We do not support the introduction of an annual budget referendum into Groton’s budget process. We prefer a process that is deliberative rather than political. We believe Groton’s budgets should reflect town-wide needs and balance factional ones. We see substantial financial costs and practical challenges associated with conducting annual referenda.

75 municipalities in Connecticut still decide their budget by referendum. None of these towns are as large as Groton. None are as complex governmentally as is Groton. Only three have lower mill rates. (Source: CT Office of Policy and Management).

Deliberative versus political budget process

These days, we are all busy people. Many Groton taxpayers juggle work and family, health issues, travel requirements and other commitments.

Town Councilors and RTM members spend hundreds of hours listening to all interests, learning the short term and longer-term needs and preferences of citizens. They work closely with a professional staff. In public hearings, budget workshops and countless meetings, Groton’s budget process has incorporated months of input from taxpayers, staff and subdivisions into Town Council and RTM decisions.

This Charter Revision Commission has recommended increased public input, budgetary guidance from the new Board of Finance and from the Town Council to the Town Manager. These elected officials are highly informed when they approve the final town budget.

We are concerned that voters in a budget referendum are not as informed and are less apt to have the whole town in mind when they vote.

It is only after much listening, learning and deliberation that elected representatives can set priorities for all of Groton. Unlike individual voters, these representatives have volunteered to listen to all citizens' views. We believe this is the best way to ensure that all Groton residents have a voice.
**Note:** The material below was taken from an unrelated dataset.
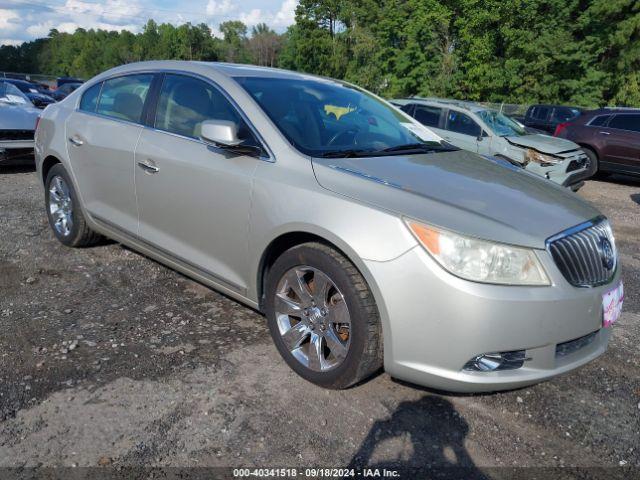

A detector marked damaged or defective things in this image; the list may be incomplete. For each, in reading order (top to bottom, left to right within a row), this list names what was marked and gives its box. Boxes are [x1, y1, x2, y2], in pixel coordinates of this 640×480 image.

damaged white car [388, 98, 592, 191]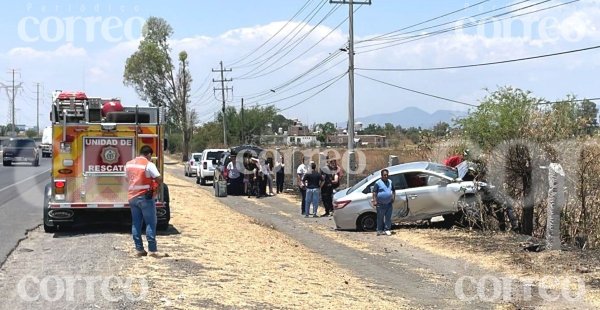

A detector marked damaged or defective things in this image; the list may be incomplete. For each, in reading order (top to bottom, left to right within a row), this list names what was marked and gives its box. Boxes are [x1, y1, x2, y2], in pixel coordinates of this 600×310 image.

Practical challenges – timing

This commission’s recommendation includes a budget calendar that begins with budget workshops in January, is followed by town staff and Board of Education work in February, Board of Finance review in March and Town Council review and adoption by April 30.

In May, voters would begin to vote in budget referenda and continue to vote on amended budgets every two weeks until a majority votes to approve.

Under Connecticut law, municipalities must adhere to a July 1 fiscal year. Under our current Charter, a mill rate must be set by June 9. Between mid-May and June 9, it is only possible to hold a maximum of two referenda.

This commission’s recommendation specifies a referendum be held every two weeks until approved. If a budget is not approved by June 30, the previous year’s budget is effective. This would be the basis for setting a mill rate and levying taxes for the first six months of the fiscal year.

Several problems arise: Tax bills would not arrive until sometime in July and be immediately due. Once a budget is approved and a new mill rate is set, adjusted tax bills would be sent in December prior to the second payment due date in January.

In allowing the month of May to be used for referenda, the town loses the ability to know state revenues for the coming year. Without referenda, the BOF and council reviews could take place a month later when, in normal times, the legislature has passed a budget and adjourned. The mill rate could be set when revenues are known.

Financial Costs

In 2016, our Town Registrar and Town Clerk estimated the cost of conducting a town-wide election to be $22,590. This is not a justifiable expense.

The best government structure for Groton is a representative democracy.